China's Recovery Real Estate: First-Tier City Home Prices Rise After Nine-Month Slump
The Chinese residential property market exhibited preliminary signs of stabilization in March 2026, as home prices in first-tier cities recorded a marginal increase of 0.2 percent. This modest uptick concludes a nine-month period of persistent declines and a stagnant performance in February, marking a potential shift in the sector's trajectory. Data released by the National Bureau of Statistics (NBS) indicates that among the nation’s premier hubs, Shanghai and Guangzhou both saw price appreciations of 0.3 percent, while Shenzhen rose by 0.2 percent. In contrast, Beijing’s residential values remained flat compared to the previous month. This localized recovery was reflected more broadly across the 70 large and medium-sized cities monitored by the NBS, with 14 cities reporting month-on-month price increases, an improvement from the 10 cities that recorded growth in February.

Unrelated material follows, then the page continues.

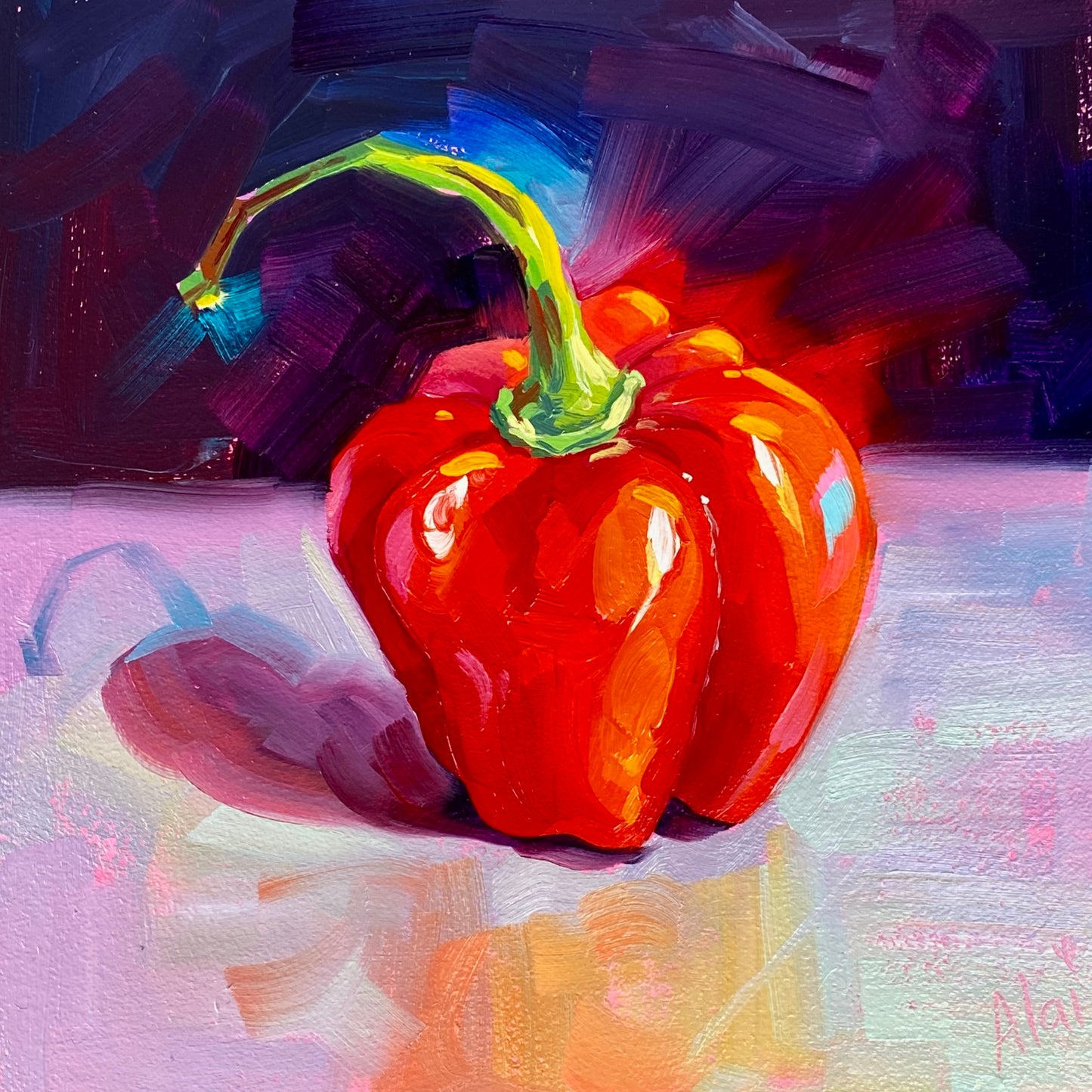 Original oil painting by Alai Ganuza titled "RHCPepper". A glossy, vibrant red bell pepper with a bright green stem, resting on a light pastel surface against a dark, moody purple background on a square aluminum panel.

Despite these positive indicators, market analysts maintain a cautious outlook, emphasizing that it is premature to declare a comprehensive recovery. The current data reveals a market that has ceased to deteriorate but lacks the robust homebuying demand necessary for a sustained turnaround. Analysts from S&P Global Ratings suggest that the primary challenge lies in the sustainability of these price improvements; without a significant resurgence in consumer confidence and transaction volume, these gains may remain isolated occurrences rather than a broader trend. Consequently, investors are seeking further evidence of price stability in major urban centers before committing significant capital to the real estate sector.
While the recovery is described as stable yet subdued, the absence of further market degradation is being viewed as a favorable outcome, supported largely by persistent government policy interventions. Research from Citi suggests that the sector's correction earlier in the year provided a strategic entry point for investors, particularly as sales data began to show signs of life throughout the first quarter and into April. However, the prevailing sentiment remains one of "wait and see," as the imbalance between high supply and tepid domestic demand continues to weigh on the market's long-term prospects. Ultimately, while the March data offers a reprieve from nearly a year of losses, the transition from stabilization to a genuine market rebound will require more convincing evidence of strengthened demand and consistent monthly gains across a wider geographical range of cities. Until such momentum is established, the Chinese property landscape remains in a delicate state of transition.